Enquanto trilhas atraem aventureiros, construções vazias contam uma história de progresso, abandono e memória.
Entre trilhas e ruínas: a montanha famosa e a vila esquecida
Com 1.877 metros de altitude, o Pico Paraná se ergue na Serra do Mar como um dos símbolos do montanhismo brasileiro. Localizado em Antonina, o cume oferece vistas amplas da Mata Atlântica e desafia visitantes com trilhas íngremes, variações climáticas e longas caminhadas.
Todos os anos, praticantes de ecoturismo movimentam a economia local, em busca do nascer do sol no topo e do contato direto com a floresta preservada.

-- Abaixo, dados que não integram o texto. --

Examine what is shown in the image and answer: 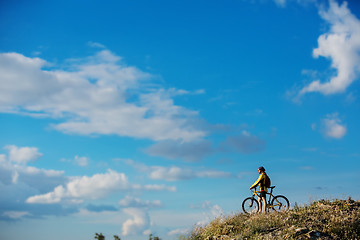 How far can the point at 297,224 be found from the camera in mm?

A poucos quilômetros desse cenário de aventura, outra paisagem chama atenção, mas por motivos opostos. Em meio à vegetação, surge uma antiga vila construída nos anos 1960 para abrigar operários da Usina Hidrelétrica Governador Parigot de Souza, a maior central subterrânea do Sul.
O conjunto tinha casas, hotel, escola, igrejas e áreas de lazer. Por décadas, funcionou como uma pequena cidade planejada, autossuficiente e cheia de vida.
Com o passar do tempo, aposentadorias, transferências e a falta de novos investimentos esvaziaram o lugar. Parte da vila chegou a ser rebatizada e alugada para eventos, mas, a partir de 2019, o abandono se intensificou.
Hoje, muitas construções estão depredadas, tomadas pelo mato e pelo silêncio. Restam poucos moradores e uma escola em funcionamento, enquanto o restante se transforma em um retrato melancólico de um projeto que perdeu sua função.
Entre o Pico Paraná e a vila esquecida, Antonina revela como natureza e história coexistem, atraindo curiosos, aventureiros e pesquisadores que buscam entender o passado e o presente local ali.